§ Directions for this task
Begin at the line that has "Antique Ambrotype of Little Boy and Dog", stop after the line that has "Luxury Luxury tent *", and print exactly those lines from the records below, without any pictures.

§ The input
*** Block opens ***
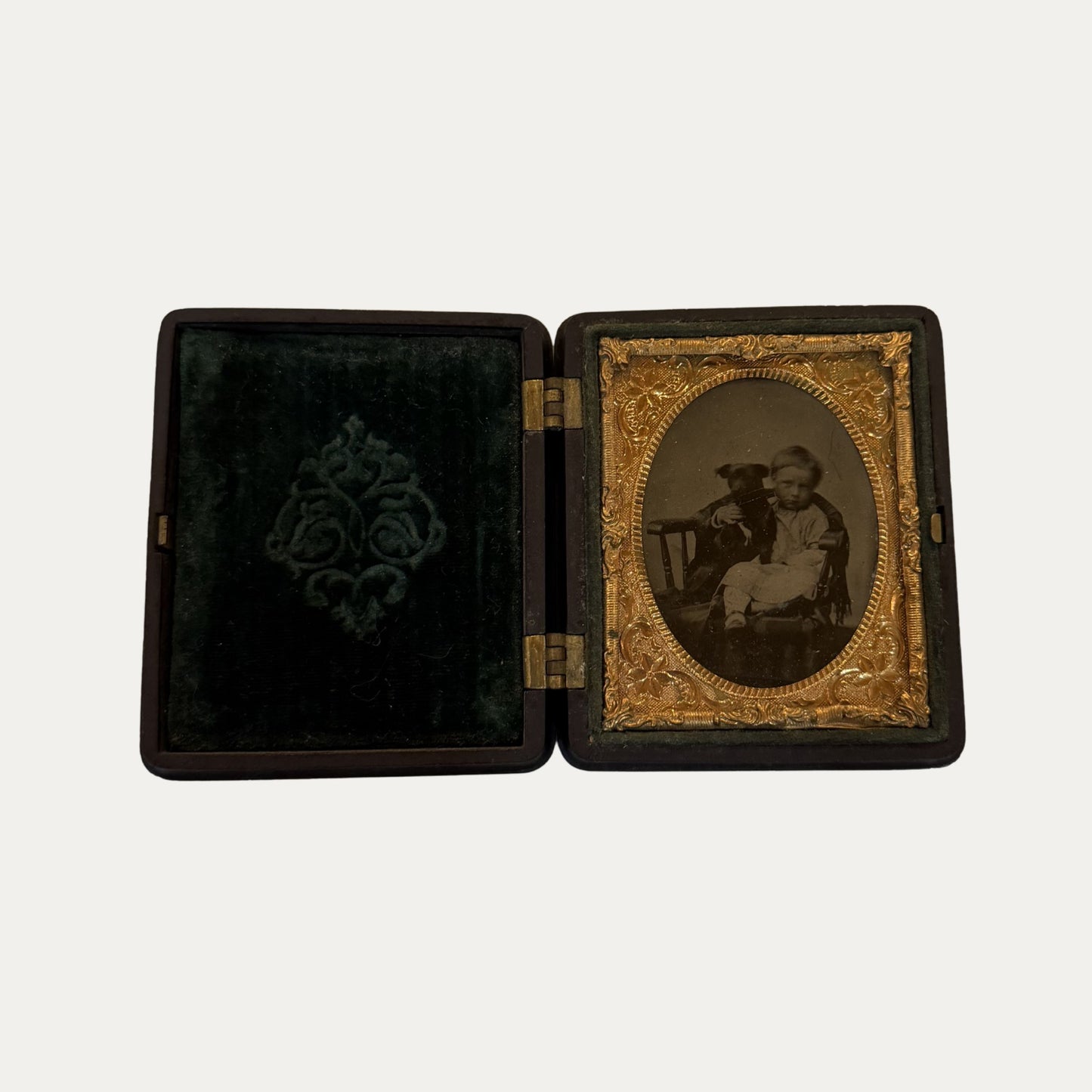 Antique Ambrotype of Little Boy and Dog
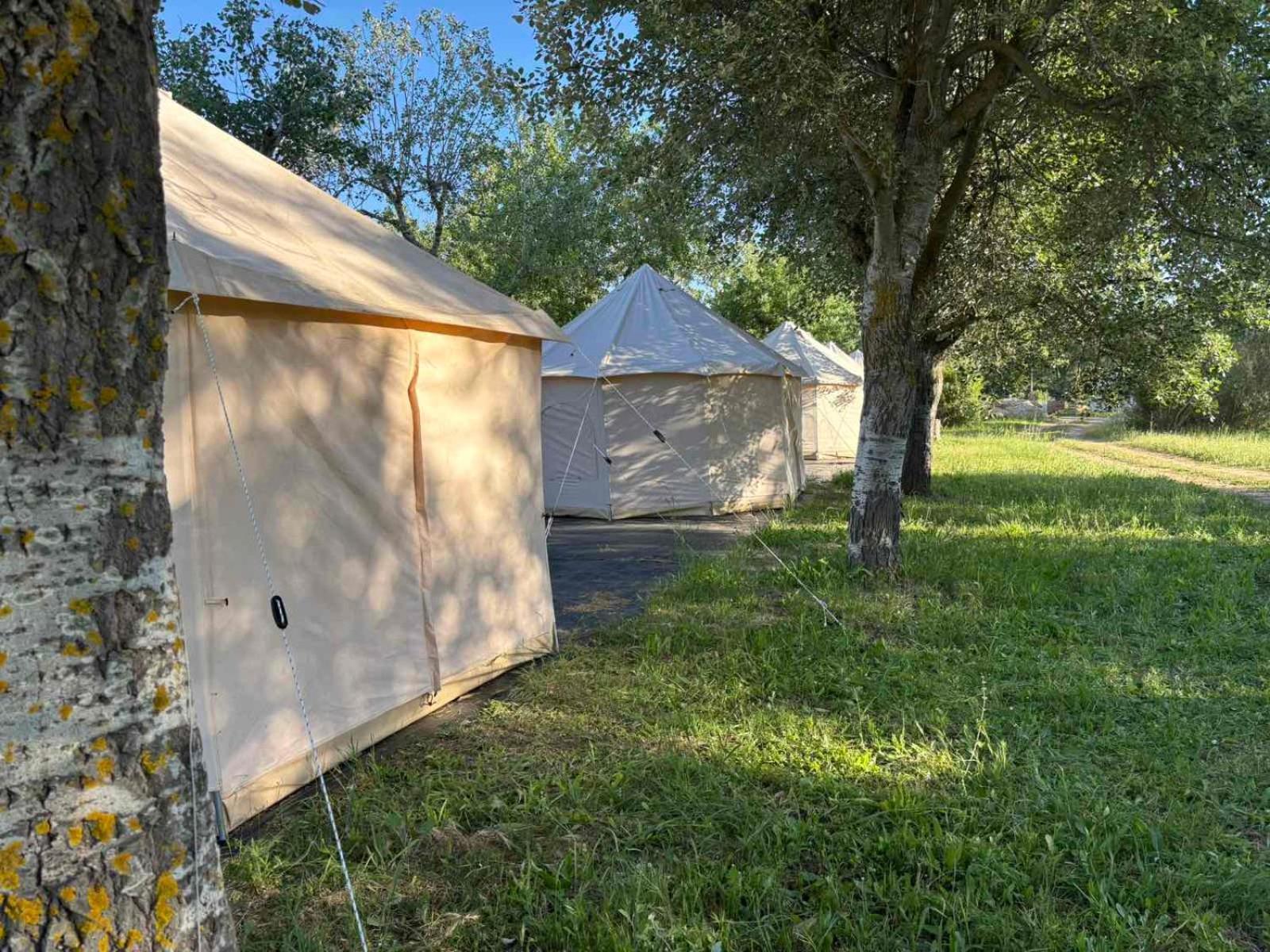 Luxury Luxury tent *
*** Block closes ***
*** Block opens ***
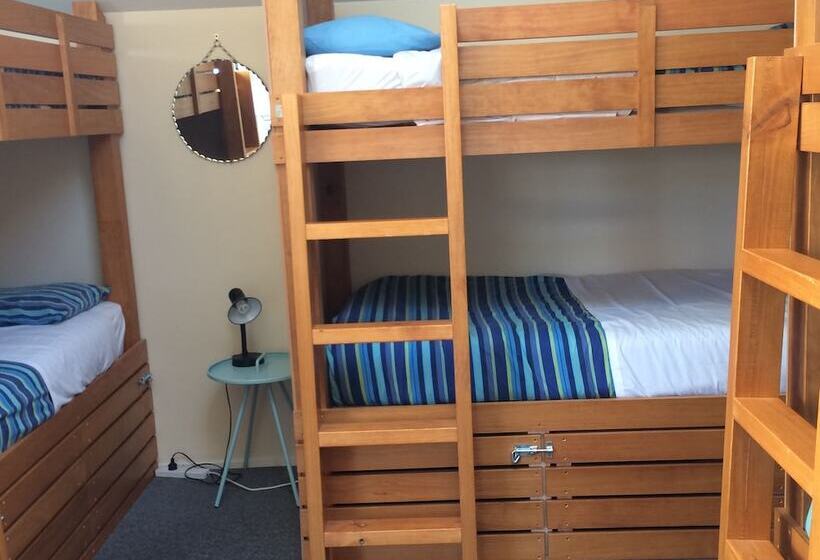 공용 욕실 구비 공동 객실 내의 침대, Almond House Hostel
*** Block closes ***
§ Result
 Antique Ambrotype of Little Boy and Dog
 Luxury Luxury tent *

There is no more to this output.